How Data Stays Organized: The Magic of Relational Databases

Disclaimer: This article focuses only on Relational Databases and how it came into existence. Please follow the DBMS series to understand the Databases and Management Systems completely.

Why Relational Database Model (HISTORY)?

To understand why relational database model came into picture, first we need to understand two historical models - Hierarchical and Network Model.

Hierarchical Model

This is a fairly old model. It was primarily used by IBM in 60s and 70s and it is not seen much now due to its inefficiencies. So, let’s look at how does the data gets organized in a Hierarchical Model? As the name suggests - there is a hierarchy. It decides to store and organize the data in a tree like structure, and it has this concept of parent-child relationship.

In the below image, we can see that the parent AUTHOR has two children, Abhishek and Amish, and Abhishek and Amish have two children as well Book1 and Book2 (two books that they wrote). Please note every child can only have a single root (parent).

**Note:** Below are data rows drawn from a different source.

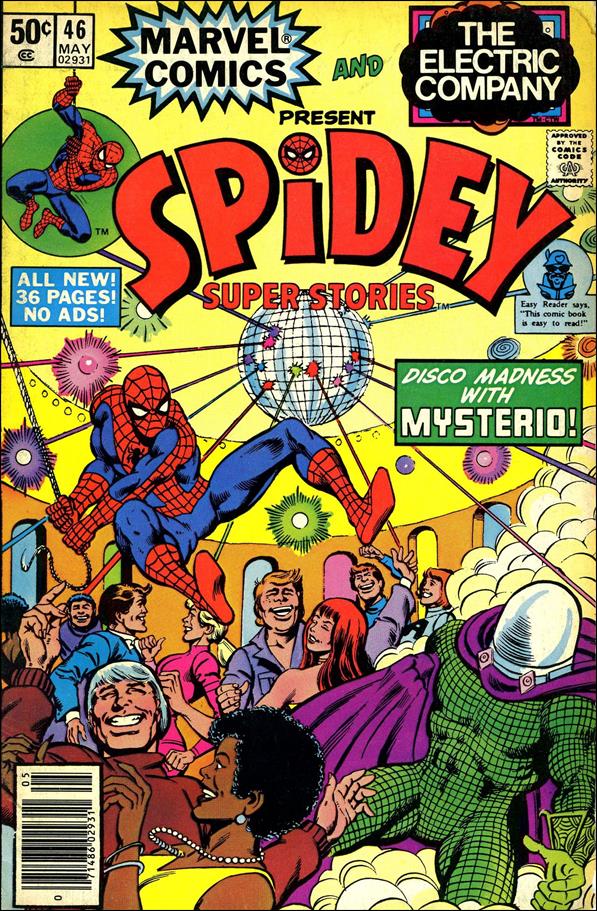 Spidey Super Stories issue 46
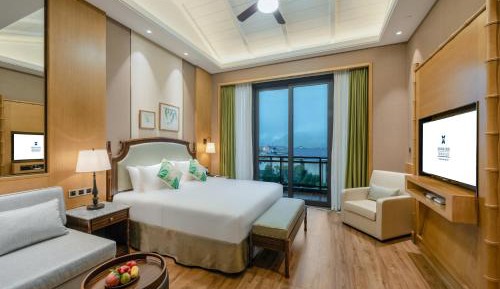 XinYue Building Moutain view Suite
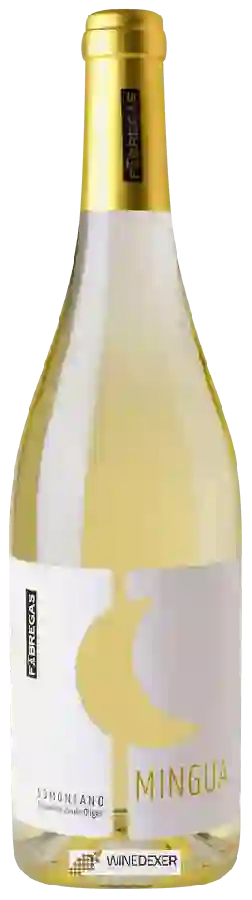 Winery Fabregas - Mingua Chardonnay - Garnacha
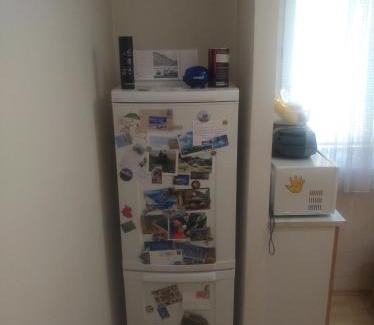 Vsetin Apartment | Byt 2+1 s balkonem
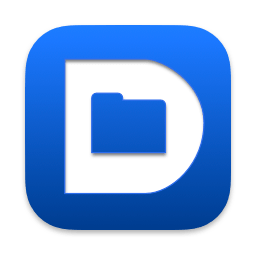 Default Folder X 6.0 a1 Pre-Release macOS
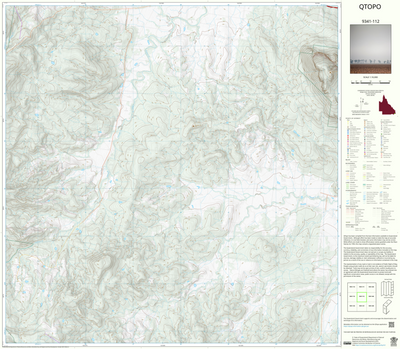 Cunninghams Gap (9341-112) Preview 1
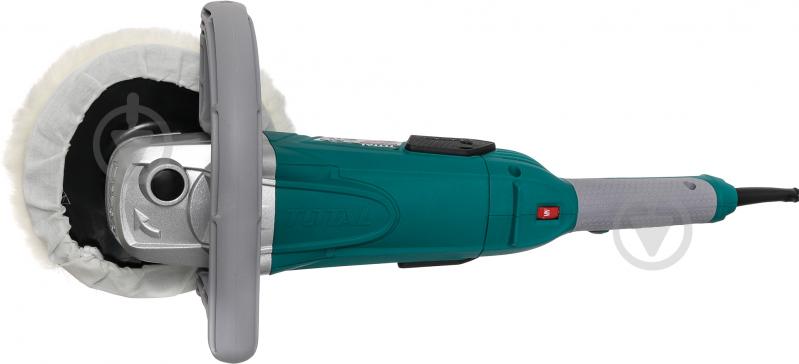 Полировальная машина TOTAL® TP1141806 - фото 3 Полировальная машина TOTAL® TP1141806 - фото 3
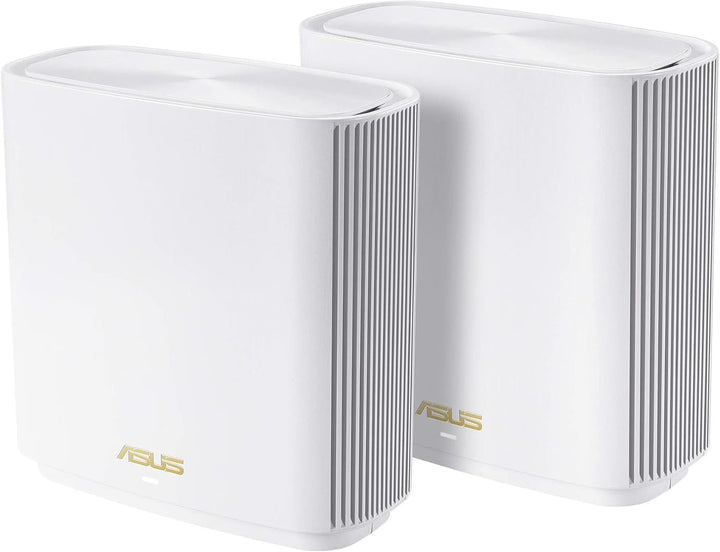 ASUS ZenWiFi XT9 AX7800 Tri-Band WiFi6 Mesh WiFiSystem (paquete de...
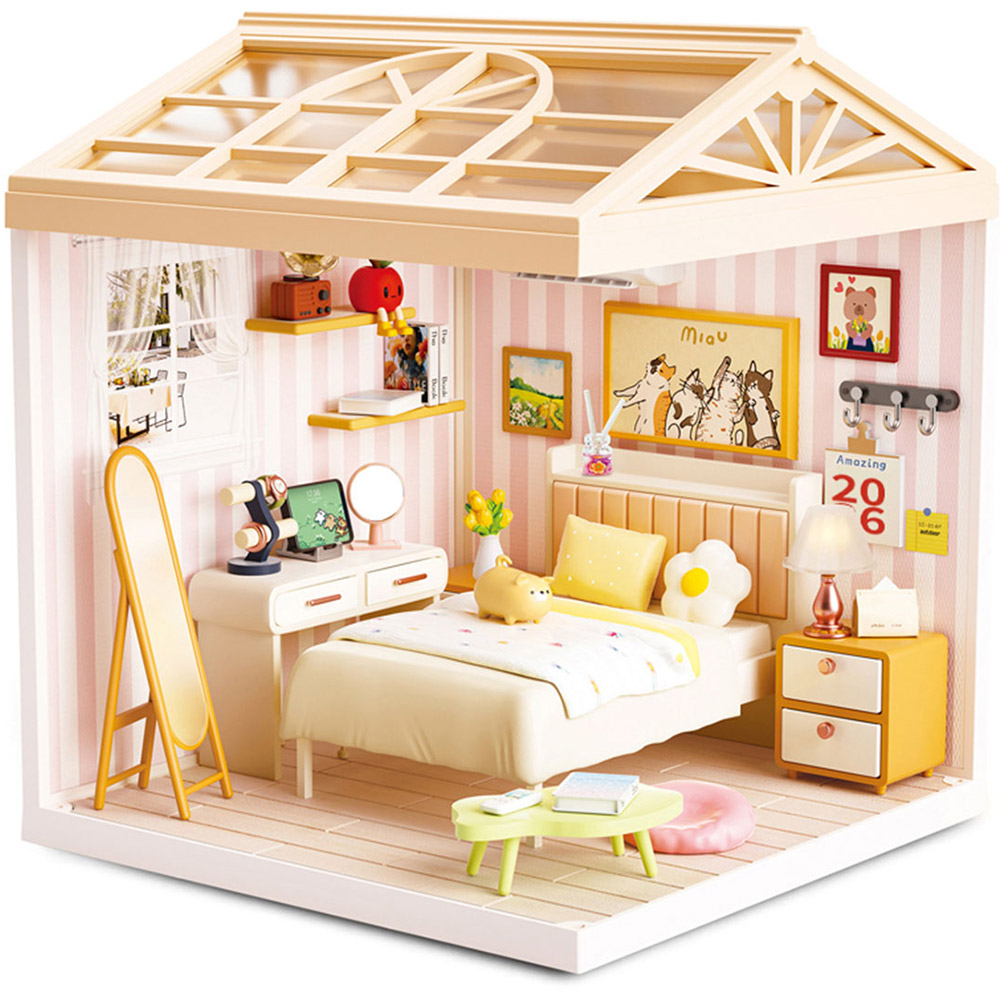 Ігровий набір MINI HOUSE Спальня Тип іграшкові будинки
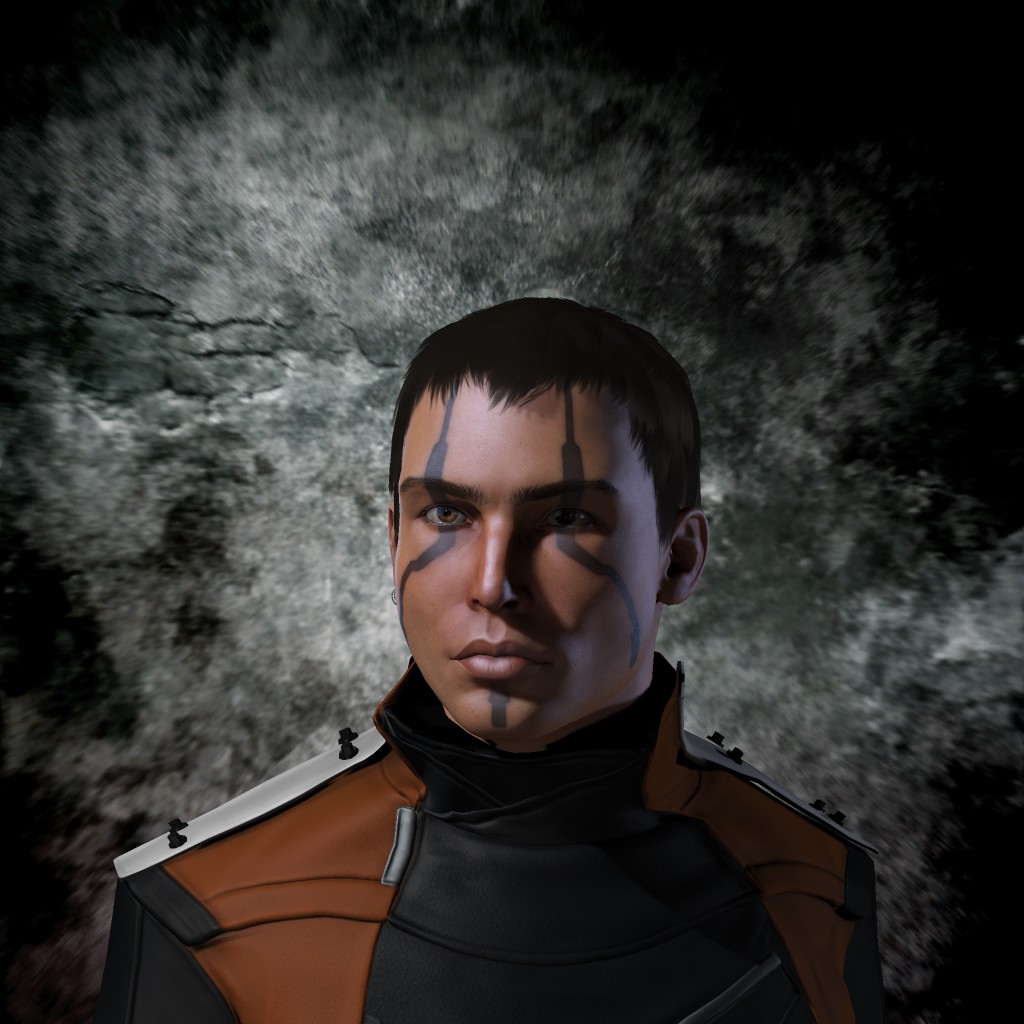 Melishar Sunward portrait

This means we don’t have the ability to say that Abhishek and Amish both co-authored Book2, there is no linking of one’s child node to someone else’s child.

With this tree like structure, we have already put a constraint “one-to-many relationship” - Every parent can have multiple children, but every child can have only one parent.

To emulate this model or to see how the data was stored in a Hierarchical model, we can see an XML example:

<!-- ONLY FOR REPRESENTATION, BACK IN THE DAY - DATA WAS NOT STORED LIKE THIS IN A HIERARCHICAL MODEL -->
<Author> 
    <Abhishek>
        <Name>Abhishek Chandra</Name>
        <Country>India</Country>
        <Book1>
            <Released>06/04/1961</Released>
        </Book1>
        <Book2>
            <Released>01/12/1967</Released>
        </Book2>
    </Abhishek>
    <Amish>
        <Name>Amish</Name>
        <Country>India</Country>
        <Book1>
            <Released>06/04/1961</Released>
        </Book1>
        <Book2>
            <Released>10/01/1962</Released>
        </Book2>
    </Amish>
</Author>

Drawback: If I delete one of the parent node from the above structure, all the child node information will be deleted - POOF! So, the child data is tightly coupled here because it’s directly related to the parent node.

Again, these models are rarely used today due to their inefficiencies.

Networking Model

The Networking Model expanded on the Hierarchical Model - allowing many-to-many relationships. Networking Model allows co-authoring, Abhishek can now help Amish on Book1.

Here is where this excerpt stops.